Surabaya, 23 Juni 2025 --- Bertempat di Gedung Graha Sawunggaling lantai 6, Pemerintah Kota Surabaya bersama mahasiswa Fakultas Ilmu Sosial dan Ilmu Politik Universitas 17 Agustus 1945 (UNTAG) Surabaya menggelar kuliah lapangan dan praktikum bertajuk "Sinau Politik Bareng Wawali Cak-Ji". Kegiatan ini merupakan bagian dari praktikum mata kuliah Sistem Politik Indonesia dan menjadi ruang pembelajaran yang mempertemukan teori politik dengan realitas praktik pemerintahan di lapangan.
Mengusung tema besar "Logika Berpikir dalam Proses Koalisi Maupun Oposisi Partai-Partai Politik dalam Pemerintahan: Buah Simalakama Logical Fallacy Menuju Pragmatisme Politik dan Authority Fallacy", para mahasiswa diajak mengkaji secara kritis fenomena politik lokal, khususnya terkait absennya oposisi formal di DPRD Kota Surabaya.

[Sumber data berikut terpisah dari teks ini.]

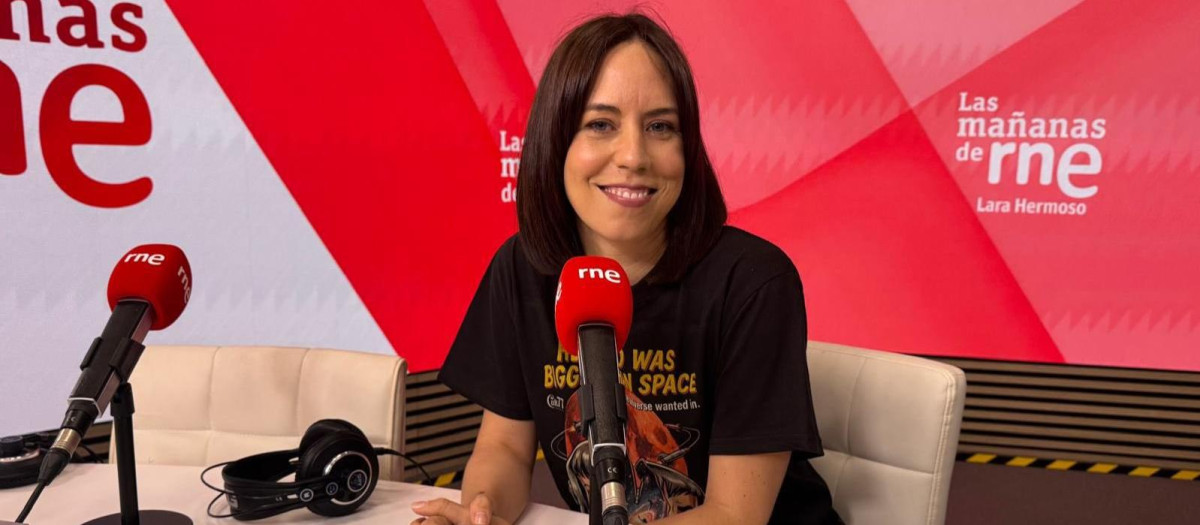 Imagen de Diana Morant durante la entrevista en RNE.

Koalisi Total: Keseimbangan Demokrasi yang Terancam
Dalam pemaparan dari dua mahasiswa Kelompok 2, Sasa dan Wira, terungkap bahwa seluruh fraksi di DPRD Surabaya saat ini tergabung dalam barisan koalisi pemerintahan. Kondisi ini memunculkan pertanyaan fundamental: jika semua fraksi berada dalam koalisi, siapa yang akan menjalankan fungsi pengawasan terhadap eksekutif?

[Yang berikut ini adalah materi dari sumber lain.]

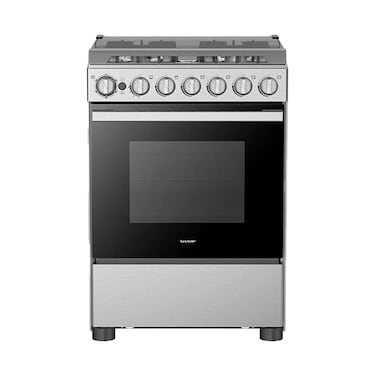 Sharp Gas Cooker 4 Burners GN-SM6057B-SS3  60x60CM Stainless Steel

Fenomena serupa juga terjadi di tingkat nasional. Koalisi Indonesia Maju (KIM) saat ini menguasai 81% kursi di DPR RI, menyisakan hanya 19% untuk oposisi. Ketimpangan ini dinilai berpotensi melemahkan mekanisme check and balance yang menjadi pilar utama sistem demokrasi.
Isu-isu strategis seperti pengesahan RUU TNI dan gerakan penyelamatan Raja Ampat pun menjadi sorotan. Dalam kedua kasus tersebut, suara penolakan dan kritik justru lebih nyaring datang dari masyarakat sipil ketimbang dari partai politik, yang seharusnya menjadi penyeimbang kekuasaan.

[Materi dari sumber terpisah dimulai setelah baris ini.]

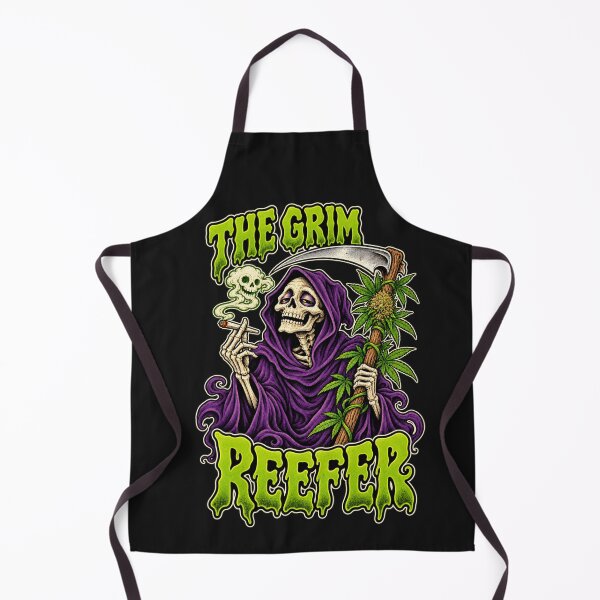 Item preview, The Grim Reefer: Funny Cannabis Reaper designed and sold by Artul.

Fallacy Politik dan Pilihan Pragmatis
Diskusi ini juga mengangkat dua bentuk kekeliruan berpikir (logical fallacy) yang sering muncul dalam praktik politik:
Authority Fallacy: keyakinan bahwa setiap kebijakan pasti benar hanya karena berasal dari otoritas pemerintahan.
False Dilemma: pandangan sempit bahwa partai politik hanya punya dua pilihan---bergabung dalam koalisi atau terpinggirkan.